Además Linto no habla tanto de las batallitas como de los abrazos y las bofetadas que la vida le da. Por ejemplo pasa por la muerte de sus seres más queridos, o por las tragedias provocadas por los caprichos de mujeres malvadas o simples. La vida pone a prueba el material del que está hecho. Vemos cómo se convierte en un hombre, pero también como pierde su fe o como cambia de bando según le convenga a él o a su pueblo.
Linto es el personaje de un ocaso y de una despedida definitiva Con él finaliza la cultura de los cántabros, un modo celta de entender la vida, la posesión de las tierras o las relaciones entre las personas, tal vez utilitario en algunas cosas, pero nada que ver con la visión posesiva que los romanos iniciaron para nosotros.
Bueno, el caso es que cuando ya iba finalizando la novela y estaba pensando, como digo, en que lo mejor no era la épica sino lo humano, el final me sorprende dando dos giros inesperados y de absoluta complejidad y reflexión. El final es sin duda lo mejor, un final épico que invita a pensar hasta dónde merece la pena luchar, si lo mejor para tu gente es aceptar lo inevitable y buscar la supervivencia, y a partir de dónde no se debe claudicar y merece la pena morir y desaparecer incluso de la historia.
Porque esta es la reflexión, o mi reflexión personal: ¿de verdad astures y cántabros desaparecieron para siempre? Tal vez haya cosas que no desaparezcan nunca aunque desaparezcan las personas, sus recuerdos y sus libros. La necesidad de la justicia, o el anhelo de libertad, ambos corolarios del orden natural de la vida, quizás no son tan acuciantes y exigentes como el deseo de vivir o de comer, pero sí tan permanentes y tan latentes. Porque no veo tanta diferencia entre la lucha de hace dos mil años en estas tierras o la de hace algunas décadas, en aquella de los años 34 y 36, también en estas tierras, y en otras como la de Chiapas. Como dijo una anarquista en un documental sobre la guerra civil española, aunque la gente no lo entienda, explica, ellos estaban dispuestos no sólo a morir, también a matar por sus ideas. Esta dramática frase que seguro todos entenderéis retorcidamente, es sin embargo plasmada en esta novela, donde Linto o Corocotta vive sus últimos años para matar y para morir.
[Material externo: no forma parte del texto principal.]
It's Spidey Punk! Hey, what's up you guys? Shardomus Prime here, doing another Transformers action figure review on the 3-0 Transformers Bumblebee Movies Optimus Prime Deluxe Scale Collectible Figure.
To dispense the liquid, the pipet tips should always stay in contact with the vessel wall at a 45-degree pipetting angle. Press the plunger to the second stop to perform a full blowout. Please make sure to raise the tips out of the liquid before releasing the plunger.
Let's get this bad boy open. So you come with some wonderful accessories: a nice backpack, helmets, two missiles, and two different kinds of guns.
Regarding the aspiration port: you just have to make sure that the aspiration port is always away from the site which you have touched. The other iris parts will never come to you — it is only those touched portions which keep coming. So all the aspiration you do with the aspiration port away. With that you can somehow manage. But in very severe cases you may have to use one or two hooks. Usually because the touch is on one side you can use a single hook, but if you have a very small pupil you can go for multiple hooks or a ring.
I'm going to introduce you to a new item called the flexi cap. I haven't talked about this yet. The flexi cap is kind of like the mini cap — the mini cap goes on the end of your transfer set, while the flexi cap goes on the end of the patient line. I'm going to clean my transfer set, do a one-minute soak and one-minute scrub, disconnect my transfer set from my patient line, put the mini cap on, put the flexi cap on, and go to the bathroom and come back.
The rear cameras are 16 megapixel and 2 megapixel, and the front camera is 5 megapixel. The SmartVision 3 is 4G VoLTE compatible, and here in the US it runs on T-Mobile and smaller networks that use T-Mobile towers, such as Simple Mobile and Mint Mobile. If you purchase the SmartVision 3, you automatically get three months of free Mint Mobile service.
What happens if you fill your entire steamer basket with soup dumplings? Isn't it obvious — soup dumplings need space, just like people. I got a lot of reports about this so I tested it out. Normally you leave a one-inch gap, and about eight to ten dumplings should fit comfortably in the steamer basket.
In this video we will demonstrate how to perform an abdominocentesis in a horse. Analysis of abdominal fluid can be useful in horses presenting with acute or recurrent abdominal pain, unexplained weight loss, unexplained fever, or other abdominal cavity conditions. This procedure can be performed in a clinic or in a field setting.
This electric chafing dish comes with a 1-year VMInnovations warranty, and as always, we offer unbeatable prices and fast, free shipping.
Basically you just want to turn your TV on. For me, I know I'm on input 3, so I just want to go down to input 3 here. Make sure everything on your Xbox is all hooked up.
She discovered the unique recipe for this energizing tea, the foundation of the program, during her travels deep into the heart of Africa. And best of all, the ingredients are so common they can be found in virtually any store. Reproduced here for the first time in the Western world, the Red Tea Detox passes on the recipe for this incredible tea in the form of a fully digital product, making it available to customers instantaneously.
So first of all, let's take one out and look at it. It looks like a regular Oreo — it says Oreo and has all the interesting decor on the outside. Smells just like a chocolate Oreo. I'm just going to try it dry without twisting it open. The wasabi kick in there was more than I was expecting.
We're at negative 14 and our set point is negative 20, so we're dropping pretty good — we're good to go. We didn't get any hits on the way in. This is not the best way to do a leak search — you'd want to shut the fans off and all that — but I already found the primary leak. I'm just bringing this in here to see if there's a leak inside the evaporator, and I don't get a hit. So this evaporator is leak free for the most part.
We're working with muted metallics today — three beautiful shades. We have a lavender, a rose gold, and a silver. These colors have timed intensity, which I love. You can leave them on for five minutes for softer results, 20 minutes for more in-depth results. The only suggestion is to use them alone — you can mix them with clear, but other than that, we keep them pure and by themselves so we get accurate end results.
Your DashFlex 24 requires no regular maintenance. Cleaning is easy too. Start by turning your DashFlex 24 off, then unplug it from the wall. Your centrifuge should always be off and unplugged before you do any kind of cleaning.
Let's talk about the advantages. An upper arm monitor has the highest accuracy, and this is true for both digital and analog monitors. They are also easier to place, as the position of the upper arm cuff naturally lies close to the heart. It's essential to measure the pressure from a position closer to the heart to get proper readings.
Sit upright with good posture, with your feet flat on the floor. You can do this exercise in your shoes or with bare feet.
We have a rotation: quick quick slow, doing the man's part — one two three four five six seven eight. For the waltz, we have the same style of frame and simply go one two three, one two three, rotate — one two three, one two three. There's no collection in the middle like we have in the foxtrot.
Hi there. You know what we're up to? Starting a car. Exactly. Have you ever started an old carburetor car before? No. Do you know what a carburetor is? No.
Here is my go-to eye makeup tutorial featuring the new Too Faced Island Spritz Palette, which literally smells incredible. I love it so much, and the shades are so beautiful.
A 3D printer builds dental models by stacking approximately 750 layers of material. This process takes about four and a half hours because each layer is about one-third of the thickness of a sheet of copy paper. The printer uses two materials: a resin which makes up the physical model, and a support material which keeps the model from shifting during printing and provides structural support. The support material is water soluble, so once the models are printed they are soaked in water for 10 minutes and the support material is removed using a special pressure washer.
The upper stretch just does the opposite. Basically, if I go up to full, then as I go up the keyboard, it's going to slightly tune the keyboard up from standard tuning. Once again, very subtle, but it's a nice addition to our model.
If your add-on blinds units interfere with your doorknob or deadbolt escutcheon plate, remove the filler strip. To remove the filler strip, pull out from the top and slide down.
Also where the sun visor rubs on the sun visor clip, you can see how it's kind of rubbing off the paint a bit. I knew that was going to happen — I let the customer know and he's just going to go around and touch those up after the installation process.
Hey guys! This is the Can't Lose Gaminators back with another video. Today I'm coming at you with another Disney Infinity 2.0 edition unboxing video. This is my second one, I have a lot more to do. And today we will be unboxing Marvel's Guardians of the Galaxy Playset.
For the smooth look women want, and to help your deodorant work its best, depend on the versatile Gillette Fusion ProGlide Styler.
Por cierto que la novela no explica quién es históricamente Corocotta. Cuando Augusto quiso ganar prestigio ante el pueblo romano tras ser proclamado emperador, se decidió a conquistar personalmente, como buen guerrero romano, a los últimos territorios libres de Hispania, los de los astures y los cántabros. Sin embargo, le resultó mucho más difícil de lo esperado y hasta enfermó, retirándose a Tarraco, continuando y finalizando la conquista su pariente Agripa. Si no recuerdo mal, les llevó diez años conquistar a los astures, y otros diez a los cántabros.
Existió un libro exclusivo sobre las guerras cántabras que desapareció, ¡maldita sea!. También desapareció la autobiografía de Octavio Augusto. Pero una de las pocas cosas que sobrevivieron es el siguiente relato real sobre Corocotta. Para los romanos éste fue un bandido cántabro que sin embargo tuvo mucho poder o influencia entre su pueblo, por lo que se piensa que fue un jefe guerrero, demonizado por los romanos. Puesto que les causaba importantes contratiempos a las diez legiones romanas que trataban de conquistar Cantabria, Augusto puso precio a su cabeza. El mismo Corocotta fue a pedir ese dinero entregandose libremente él mismo, lo que los historiadores españoles interpretan como un acto de osado y temerario valor, aunque seguramente muchos pensarán que hubo de ser un loco. Augusto, asombrado y admirado, finalmente le dejó irse.